## [EXERCISE DETAILS]
An exact copy of every line from the one holding "Machine Speed 4-20m/m" to the end of the entries below is required; leave the pictures out.

## [EXERCISE INPUTS]
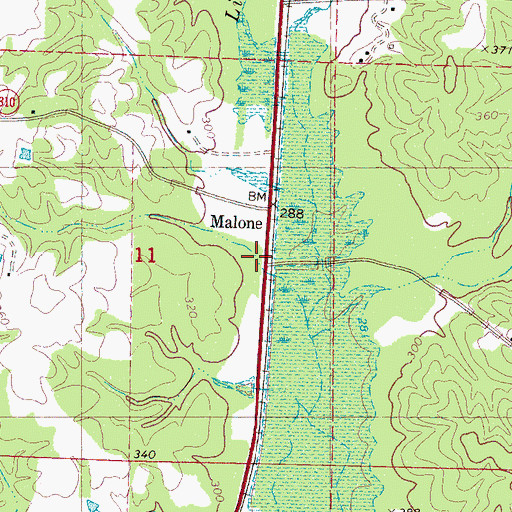 Topographic Map of Malone, MS
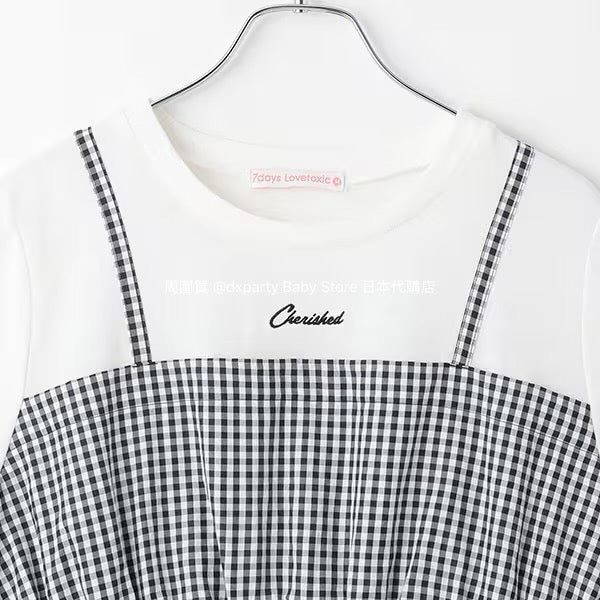 Lovetoxic Japanese children's clothing fake two-piece top 140-160cm girls summer TOPS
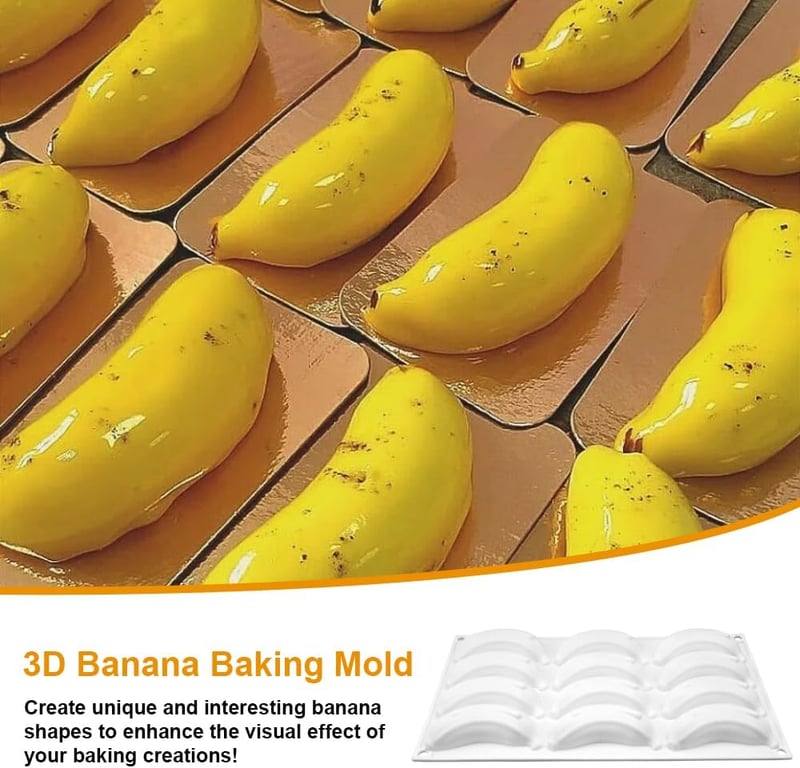 PetGlimmer szilikon forma banán mousse 12 üregű BPA-mentes csokoládé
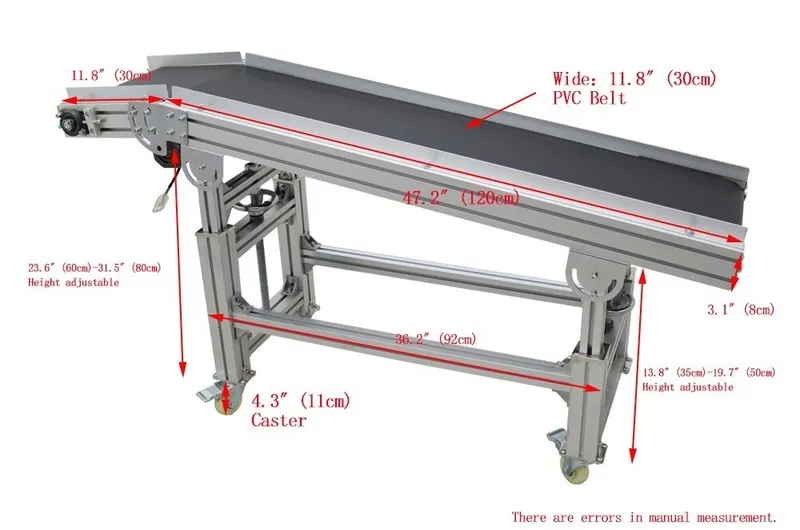 Конвейер 118"L 15.7"W Electric PVC Belt Conveyor Transport Machine Speed 4-20m/m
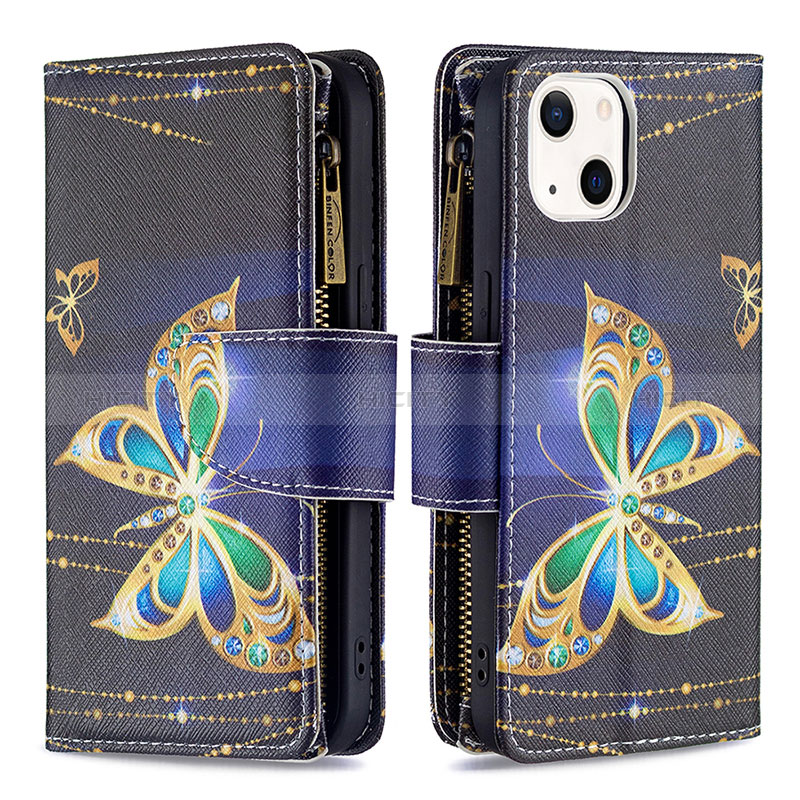 Coque Portefeuille Papillon Livre Cuir Etui Clapet L01 pour Apple iPhone 15 Plus Noir Plus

## [ANSWER TO THIS PROBLEM]
 Конвейер 118"L 15.7"W Electric PVC Belt Conveyor Transport Machine Speed 4-20m/m
 Coque Portefeuille Papillon Livre Cuir Etui Clapet L01 pour Apple iPhone 15 Plus Noir Plus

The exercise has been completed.